“On Independence Day in a typical year, far more U.S. fires are reported than on any other day, and fireworks account for two out of five of those fires, more than any other cause of fires,” according to the National Fire Protection Association. “The risk of fireworks injury was highest for young people ages 0-4, followed by children 10-14.”
The NFPA says bottle rockets or other types of fireworks rockets cause most of the damage. These rockets can land on rooftops or wedge within certain structures and still retain enough heat to cause a fire.
To keep your home and your family safe over the 4th of July holiday, the National Council on Fireworks Safety offers these tips:
- Obey all local laws regarding the use of fireworks.

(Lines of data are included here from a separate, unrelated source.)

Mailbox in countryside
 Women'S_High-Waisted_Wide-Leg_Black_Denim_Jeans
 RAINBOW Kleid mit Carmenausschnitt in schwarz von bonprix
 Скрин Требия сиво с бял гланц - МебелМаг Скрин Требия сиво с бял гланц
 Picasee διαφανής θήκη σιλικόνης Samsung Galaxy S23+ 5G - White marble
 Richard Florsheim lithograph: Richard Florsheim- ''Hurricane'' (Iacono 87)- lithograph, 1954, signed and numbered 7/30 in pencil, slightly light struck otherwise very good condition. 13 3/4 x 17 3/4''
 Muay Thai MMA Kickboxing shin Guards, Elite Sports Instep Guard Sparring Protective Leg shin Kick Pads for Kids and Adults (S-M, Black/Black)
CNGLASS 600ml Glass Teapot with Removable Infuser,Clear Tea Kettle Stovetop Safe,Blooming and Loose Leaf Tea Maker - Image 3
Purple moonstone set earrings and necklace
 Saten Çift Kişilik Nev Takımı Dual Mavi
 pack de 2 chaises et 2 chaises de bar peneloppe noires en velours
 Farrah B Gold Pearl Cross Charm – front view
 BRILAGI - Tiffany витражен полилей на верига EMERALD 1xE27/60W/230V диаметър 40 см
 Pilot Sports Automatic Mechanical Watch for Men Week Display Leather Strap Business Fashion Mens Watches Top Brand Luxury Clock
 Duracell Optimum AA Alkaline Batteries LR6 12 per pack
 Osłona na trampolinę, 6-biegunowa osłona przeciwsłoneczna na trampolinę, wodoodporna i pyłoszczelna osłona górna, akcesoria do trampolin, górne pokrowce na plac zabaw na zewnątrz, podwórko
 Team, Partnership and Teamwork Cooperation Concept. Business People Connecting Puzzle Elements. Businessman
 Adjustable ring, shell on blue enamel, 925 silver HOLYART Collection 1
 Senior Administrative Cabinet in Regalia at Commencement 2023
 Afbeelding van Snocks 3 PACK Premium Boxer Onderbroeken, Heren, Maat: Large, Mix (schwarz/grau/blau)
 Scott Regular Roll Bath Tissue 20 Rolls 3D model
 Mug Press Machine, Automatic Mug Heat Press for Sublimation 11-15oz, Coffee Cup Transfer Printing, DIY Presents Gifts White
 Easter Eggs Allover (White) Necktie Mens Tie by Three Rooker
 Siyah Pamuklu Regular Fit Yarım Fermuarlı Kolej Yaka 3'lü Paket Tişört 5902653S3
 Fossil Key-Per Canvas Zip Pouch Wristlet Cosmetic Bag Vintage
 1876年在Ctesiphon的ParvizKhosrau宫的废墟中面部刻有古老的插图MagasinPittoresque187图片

- Know your fireworks; read the cautionary labels and performance descriptions before igniting.
- A responsible adult should supervise all firework activities.
- Alcohol and fireworks do not mix. Save your alcohol for after the show.
- Wear safety glasses when shooting fireworks.
- Light one firework at a time and then quickly move away.
- Use fireworks outdoors in a clear area; away from buildings and vehicles.
- Never relight a “dud” firework. Wait 20 minutes and then soak it in a bucket of water.
- Always have a bucket of water and charged water hose nearby.
- Dispose of spent fireworks by wetting them down and place in a metal trash can away from any building or combustible materials until the next day.